Talk with at least one other person in the room about these questions:
- What large (global, chapter-level) changes do you need to make first? Second?
- What worries you about your opening? Your middle? Your conclusion?
- How can you increase the reader’s engagement in the narrative?
- Which scenes might you summarize? Which summaries need to become scenes?
- How do you plan to show change in characters in the next draft?
At home, do at least one of the following:
- Read the draft in one sitting without changing anything. Note changes you’d like to make.
- Make an outline of what you’ve already written.
- Write a one-page summary of the entire rough draft
- Chart increasing and decreasing tension in the rough draft
- Try the “shrunken draft” exercise.
Make a revision plan or at least a list of several “next drafts.”
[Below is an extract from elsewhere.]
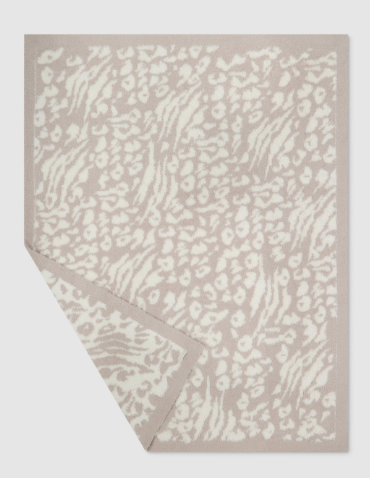 CC Lush Knit Leopard Throw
- Give each draft a specific purpose. For example
- Does altering the order of events increases drama?
- Does altering the order of events make power shifts more obvious?
- Which scenes can be added to increase characterization?
- Which summaries ought to be scenes?
- What can I cut?
- Which scenes need to be rewritten?
- Which is the most boring moment and how can that be changed?
- Where might chapters be important? Where might you divide the manuscript so that revising each draft can consist of a series of smaller, less overwhelming tasks?
- Save sentence-level/grammar issues for the summer.